SELECCIÓN DE PRENSA NACIONAL

El problema de la Monarquí­a

El problema de la infanta Cristina, al ser imputada, no es de naturaleza penal ni mucho menos carcelaria. A buen seguro, esas leyes que se retuercen para indultar a un corrupto, esos acuerdos de conformidad y toda la retahíla de mecanismos de cuasi impunidad, sabrán moldearse para que no ocurran percances graves. El problema es de naturaleza política, y no pensaba comenzar este artículo explicándolo, por su obviedad, pero el afán de cierto cortesanado por circunscribir las consecuencias de la imputación al ámbito jurídico, me obliga al siguiente párrafo.

¿Por qué la boda de Cristina con Iñaki Urdangarin se publicó en su día en las páginas de Nacional de los periódicos y no en las de “Ecos de sociedad”? No por un capricho de la prensa, sino por sus consecuencias políticas, relativas a la sucesión de la Corona. Como la Jefatura del Estado es la máxima representación de este, en el plano nacional y en el internacional, casi todo lo que le ocurre se convierte en un acto político. Y atentos, porque estamos hablando de la arquitectura institucional del Estado.

Y lo que le está sucediendo a la Monarquía es, ni más ni menos, lo mismo que a otras instituciones claves del Estado: la pérdida de legitimidad. El sistema democrático que se levantó en la Transición, cuya cúspide es el Rey, hace agua. Esto no significa que el Estado de derecho no funcione, y la misma instrucción del caso Nóos demuestra hasta qué punto lo hace. Tampoco implica desacreditar nuestra historia reciente: en la Transición se organizaron unas instituciones democráticas aptas para transitar, como su propio nombre indica. Con el tiempo se han fosilizado y han perdido el pulso de la sociedad, como la Monarquía.

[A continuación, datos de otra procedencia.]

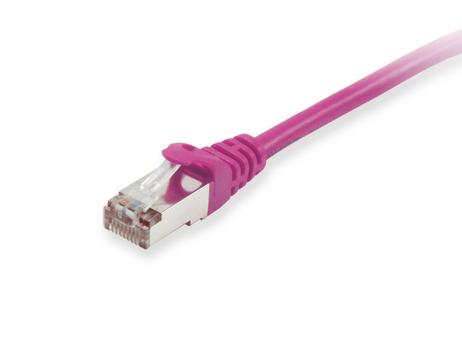 Equip Cat.6A S/Ftp Patch Cable, (606806)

En el fondo, crear el entramado institucional propio de las democracias es relativamente fácil. Lo complicado es practicar la democracia día a día, hacerla evolucionar al ritmo de la historia. En estos años, las exigencias democráticas en el mundo han ido ligadas a tres aspectos: aumentar la transparencia, erradicar la corrupción y fortalecer la rendición de cuentas. En España, no sólo no se ha avanzado mucho, sino que los controles lógicos derivados de una separación de poderes real y del imperio de la ley han sido debilitados por las mismas instituciones que debían someterse a ellos: los partidos de forma evidente, pero también el Tribunal Constitucional, la prensa, la Monarquía, y etcétera, etcétera, etcétera.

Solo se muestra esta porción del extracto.